Mais vous entrez aussi dans les bureaux de direction. En général, les gens n'ont pas accès à ces discussions-là... « Elles sont très vraisemblables. Il y a des affaires de la réalité que je ne pourrais pas raconter, le monde ne le croirait pas. Parfois, la réalité est invraisemblable. »
Le réalisateur Frédérick D'Amours croit aussi que la tragédie qui frappe le National était l'histoire idéale pour ce passage au grand écran. « Il y a plein d'histoires à adapter au cinéma, mais il faut la bonne histoire. Dans le contexte de Lance et compte, c'est un événement majeur qui était plus propice à faire quelque chose de cinématographique. »
Pourtant, en faisant le film, il faut rester fidèle à la série, et se garder toutes les portes ouvertes pour la prochaine série. « Oui et non. Quand on m'a approché, il n'était pas question d'avoir une série après, c'était supposé finir avec le film. J'ai toujours approché le film comme une unité. »
L'écriture de Réjean Tremblay est-elle cinématographique? « Réjean a une écriture particulière. C'est plutôt un gars de télé qu'un gars de film. J'ai essayé d'apporter au scénario quelque chose de cinématographique. D'abord de tourner en 2:35, pour au moins avoir une différence avec la télé. La pire des choses ce serait de faire un téléfilm. J'ai aussi voulu avoir un petit moins de caméra portée, d'avoir du production value. Le film donne le luxe d'aller un petit peu plus loin, et d'être sur la glace un petit peu plus. »
« Mes influences portaient un peu sur Remember the Titans, qui est un film de sport, mais pas tant que ça, parce que c'est plutôt comment Denzel Washington va montrer à ses joueurs comment se comporter, et de l'autre côté c'est Any Given Sunday, pour le côté de ne pas être seulement spectateur. »
Qu'en est-il de la vraisemblance? « On ne fait pas un documentaire, c'est une fiction. Il ne faut pas extrapoler. Ici, c'est sûr qu'on joue avec le public, avec les émotions, c'est un divertissement dramatique. On se sert de certaines affaires pour monter une intrigue. »
Il y a l'histoire de ces femmes, sans emploi, qui essaient de sauver leur usine, qui s'ajoute à la tragédie du National. « Ce que je trouvais intéressant, c'est d'avoir un cheval de bataille pour Suzie. C'est des gens qui sont démunis; c'est beau les stars du National, c'est plate de perdre un match mais c'est encore plus plate de perdre sa job. Le National va s'inspirer d'eux autres pour arrêter de se morfondre. »

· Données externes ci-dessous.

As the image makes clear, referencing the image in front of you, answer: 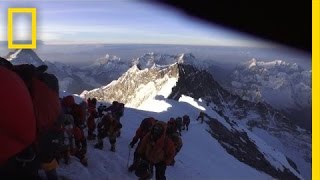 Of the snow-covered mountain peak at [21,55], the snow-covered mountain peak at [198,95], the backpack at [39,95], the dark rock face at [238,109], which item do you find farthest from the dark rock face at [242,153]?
the dark rock face at [238,109]

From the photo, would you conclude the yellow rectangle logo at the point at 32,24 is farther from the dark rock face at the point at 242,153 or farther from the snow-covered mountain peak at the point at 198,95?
the snow-covered mountain peak at the point at 198,95

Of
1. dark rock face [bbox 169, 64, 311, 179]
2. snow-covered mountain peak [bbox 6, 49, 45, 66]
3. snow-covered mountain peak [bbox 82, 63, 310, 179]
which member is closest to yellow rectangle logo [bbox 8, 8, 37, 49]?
snow-covered mountain peak [bbox 6, 49, 45, 66]

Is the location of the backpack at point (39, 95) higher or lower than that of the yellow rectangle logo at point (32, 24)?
lower

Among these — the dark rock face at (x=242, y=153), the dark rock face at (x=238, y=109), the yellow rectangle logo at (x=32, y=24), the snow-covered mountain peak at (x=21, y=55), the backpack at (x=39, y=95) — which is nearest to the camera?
the backpack at (x=39, y=95)

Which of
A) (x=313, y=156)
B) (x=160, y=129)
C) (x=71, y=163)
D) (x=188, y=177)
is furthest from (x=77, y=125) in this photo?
(x=313, y=156)

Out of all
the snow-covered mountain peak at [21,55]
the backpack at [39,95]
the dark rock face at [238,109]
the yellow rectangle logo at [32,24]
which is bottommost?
the dark rock face at [238,109]

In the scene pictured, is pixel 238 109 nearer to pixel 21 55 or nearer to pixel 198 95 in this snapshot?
pixel 198 95

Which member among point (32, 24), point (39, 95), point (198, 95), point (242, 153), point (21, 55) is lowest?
point (198, 95)

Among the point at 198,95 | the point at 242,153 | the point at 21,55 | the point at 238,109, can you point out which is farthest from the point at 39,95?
the point at 238,109

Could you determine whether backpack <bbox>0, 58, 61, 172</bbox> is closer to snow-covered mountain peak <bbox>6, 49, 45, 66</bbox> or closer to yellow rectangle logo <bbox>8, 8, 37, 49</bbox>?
snow-covered mountain peak <bbox>6, 49, 45, 66</bbox>

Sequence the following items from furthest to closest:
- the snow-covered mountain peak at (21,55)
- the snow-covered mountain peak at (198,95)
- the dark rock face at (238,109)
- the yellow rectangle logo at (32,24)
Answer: the dark rock face at (238,109) < the snow-covered mountain peak at (198,95) < the snow-covered mountain peak at (21,55) < the yellow rectangle logo at (32,24)

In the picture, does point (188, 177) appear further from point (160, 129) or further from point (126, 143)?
point (160, 129) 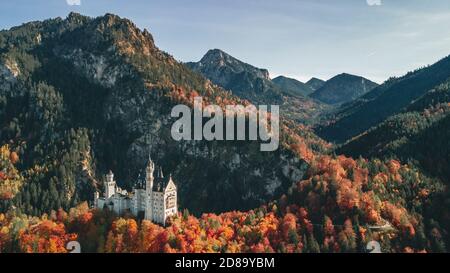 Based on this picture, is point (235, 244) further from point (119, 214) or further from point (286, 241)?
point (119, 214)

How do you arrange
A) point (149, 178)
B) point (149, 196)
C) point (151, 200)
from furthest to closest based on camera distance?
point (149, 178) < point (151, 200) < point (149, 196)

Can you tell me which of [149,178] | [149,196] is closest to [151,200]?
[149,196]

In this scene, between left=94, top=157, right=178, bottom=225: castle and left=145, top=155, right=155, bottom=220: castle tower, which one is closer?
left=94, top=157, right=178, bottom=225: castle

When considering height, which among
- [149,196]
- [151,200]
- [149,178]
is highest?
[149,178]

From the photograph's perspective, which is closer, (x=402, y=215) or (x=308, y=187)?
(x=402, y=215)

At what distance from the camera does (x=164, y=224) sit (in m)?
133

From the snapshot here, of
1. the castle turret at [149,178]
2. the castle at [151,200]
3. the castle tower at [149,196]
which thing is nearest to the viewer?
the castle at [151,200]

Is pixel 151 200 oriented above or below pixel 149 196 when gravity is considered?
below

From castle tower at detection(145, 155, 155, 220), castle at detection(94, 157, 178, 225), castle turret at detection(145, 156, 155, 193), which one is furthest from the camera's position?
castle tower at detection(145, 155, 155, 220)

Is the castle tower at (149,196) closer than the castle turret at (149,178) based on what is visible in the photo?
No

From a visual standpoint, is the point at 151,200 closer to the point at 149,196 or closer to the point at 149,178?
the point at 149,196

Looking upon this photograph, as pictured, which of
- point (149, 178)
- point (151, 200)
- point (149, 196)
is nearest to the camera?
point (149, 196) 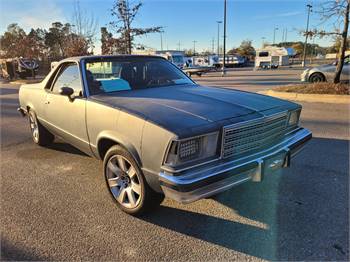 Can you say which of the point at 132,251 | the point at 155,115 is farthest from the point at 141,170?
the point at 132,251

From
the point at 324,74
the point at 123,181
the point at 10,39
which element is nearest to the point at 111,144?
the point at 123,181

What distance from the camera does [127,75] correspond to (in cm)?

Comme nouveau venu, dans une équipe très soudée comme celle-ci, comment faut-il aborder les acteurs? « C'est une question de respect. Tu t'assois avec eux autres, tu parles avec eux autres, mais surtout tu les écoutes. Toutes l'équipe et tous les comédiens m'ont vraiment bien accueilli. Moi j'aime les acteurs, j'ai discuté avec les acteurs, j'aime parler avec eux, j'aime les écouter. »

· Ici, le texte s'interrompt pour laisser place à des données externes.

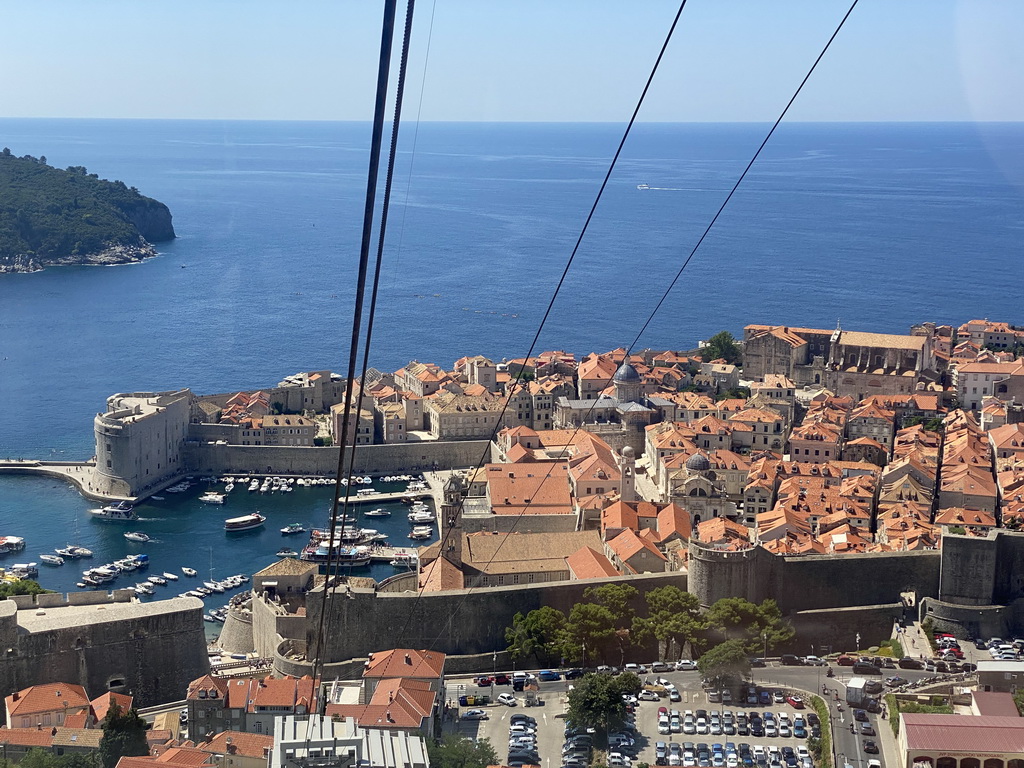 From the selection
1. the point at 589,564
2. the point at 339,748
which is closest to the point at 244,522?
the point at 589,564

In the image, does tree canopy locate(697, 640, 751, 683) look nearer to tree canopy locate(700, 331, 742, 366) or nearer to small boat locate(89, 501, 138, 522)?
small boat locate(89, 501, 138, 522)

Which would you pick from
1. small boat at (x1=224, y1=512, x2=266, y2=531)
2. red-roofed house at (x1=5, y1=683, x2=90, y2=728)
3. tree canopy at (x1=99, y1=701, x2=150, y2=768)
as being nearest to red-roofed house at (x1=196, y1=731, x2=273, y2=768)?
tree canopy at (x1=99, y1=701, x2=150, y2=768)

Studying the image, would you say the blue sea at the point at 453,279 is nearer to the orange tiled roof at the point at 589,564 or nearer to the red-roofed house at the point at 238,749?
the orange tiled roof at the point at 589,564

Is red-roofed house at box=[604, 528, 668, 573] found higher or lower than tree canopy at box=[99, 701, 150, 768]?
higher

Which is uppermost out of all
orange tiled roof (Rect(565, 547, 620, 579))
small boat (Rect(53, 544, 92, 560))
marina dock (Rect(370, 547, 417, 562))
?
orange tiled roof (Rect(565, 547, 620, 579))

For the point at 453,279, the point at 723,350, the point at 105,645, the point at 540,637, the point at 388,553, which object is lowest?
the point at 388,553

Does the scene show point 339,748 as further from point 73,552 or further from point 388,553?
point 73,552
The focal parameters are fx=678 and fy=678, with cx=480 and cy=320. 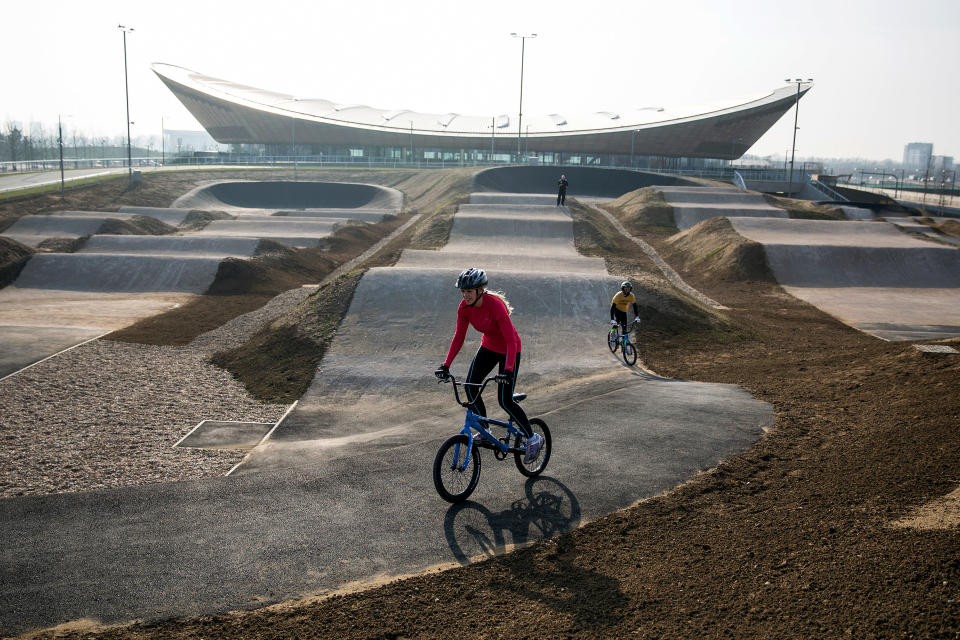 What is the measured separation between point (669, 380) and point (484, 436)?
7.02 meters

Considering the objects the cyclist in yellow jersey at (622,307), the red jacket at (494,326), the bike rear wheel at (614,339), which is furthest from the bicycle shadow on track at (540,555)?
the bike rear wheel at (614,339)

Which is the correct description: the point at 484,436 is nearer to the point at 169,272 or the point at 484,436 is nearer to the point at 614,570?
the point at 614,570

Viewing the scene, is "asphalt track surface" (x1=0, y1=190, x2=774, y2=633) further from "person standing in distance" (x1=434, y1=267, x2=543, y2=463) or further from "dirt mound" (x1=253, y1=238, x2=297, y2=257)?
"dirt mound" (x1=253, y1=238, x2=297, y2=257)

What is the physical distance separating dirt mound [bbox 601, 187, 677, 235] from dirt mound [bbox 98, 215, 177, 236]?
29.6 m

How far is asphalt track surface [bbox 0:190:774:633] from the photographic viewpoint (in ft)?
19.5

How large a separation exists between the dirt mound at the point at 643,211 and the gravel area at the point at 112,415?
104 feet

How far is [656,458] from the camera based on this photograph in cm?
852

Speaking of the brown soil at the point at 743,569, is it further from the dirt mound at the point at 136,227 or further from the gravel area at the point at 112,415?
the dirt mound at the point at 136,227

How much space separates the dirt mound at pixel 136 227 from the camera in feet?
131

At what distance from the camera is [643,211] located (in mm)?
45344

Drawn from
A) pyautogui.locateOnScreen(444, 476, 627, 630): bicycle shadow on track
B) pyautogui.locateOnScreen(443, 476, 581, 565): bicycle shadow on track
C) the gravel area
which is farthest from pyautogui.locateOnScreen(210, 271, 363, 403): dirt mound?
pyautogui.locateOnScreen(444, 476, 627, 630): bicycle shadow on track

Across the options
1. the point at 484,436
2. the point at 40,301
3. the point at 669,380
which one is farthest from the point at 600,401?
the point at 40,301

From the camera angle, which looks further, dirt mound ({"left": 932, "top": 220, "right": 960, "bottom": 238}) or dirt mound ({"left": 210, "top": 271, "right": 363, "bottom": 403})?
dirt mound ({"left": 932, "top": 220, "right": 960, "bottom": 238})

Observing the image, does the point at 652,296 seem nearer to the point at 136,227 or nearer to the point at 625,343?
the point at 625,343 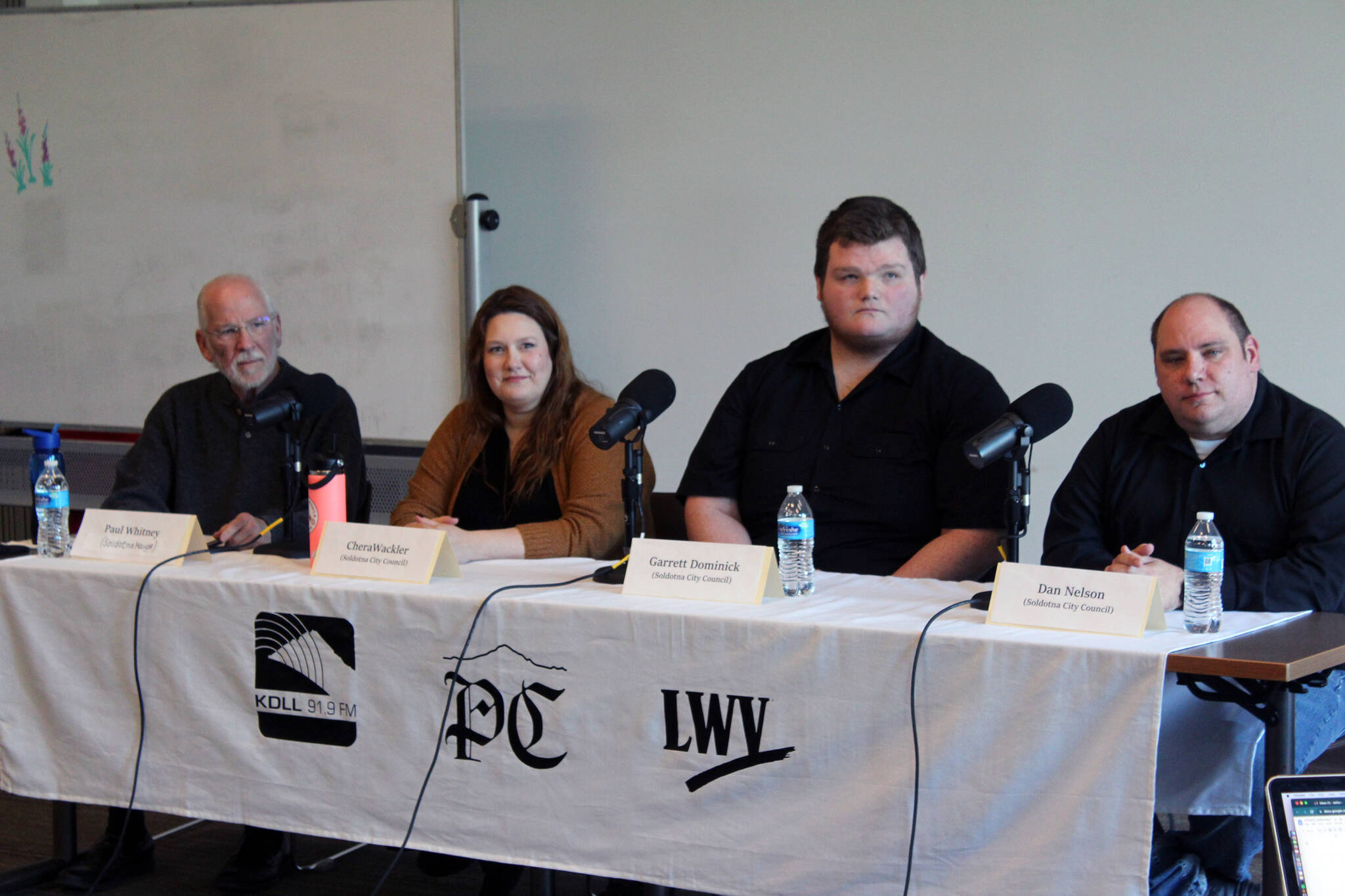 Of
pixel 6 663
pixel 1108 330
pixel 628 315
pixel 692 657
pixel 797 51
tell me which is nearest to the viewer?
pixel 692 657

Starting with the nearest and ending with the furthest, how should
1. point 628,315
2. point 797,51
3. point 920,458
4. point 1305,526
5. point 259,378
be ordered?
1. point 1305,526
2. point 920,458
3. point 259,378
4. point 797,51
5. point 628,315

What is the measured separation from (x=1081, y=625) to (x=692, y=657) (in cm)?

« Lance et compte, ce n'est pas un film d'auteur, on le sait par définition. C'est un gros film, dérivé d'une grosse série. Arriver avec mes épaulettes et tout changer, c'est ridicule, il faut les approcher avec beaucoup de respect. »
Pour Jason Roy-Léveillé, qui incarne Guy Lambert, le film est différent des séries-télé. « La différence, au niveau du scénario, c'est que le film est concentré sur une histoire, et les personnages gravitent autour de l'histoire. Pour nous, c'était différent, c'était qu'on prenait un peu plus le temps de jouer les scènes, de jouer les silences. À la télé, il faut rentrer dans une heure, avec les pubs et tout, tandis qu'au cinéma, que le film dure 1h40 ou 2 heures, ce n'est pas si grave que ça. »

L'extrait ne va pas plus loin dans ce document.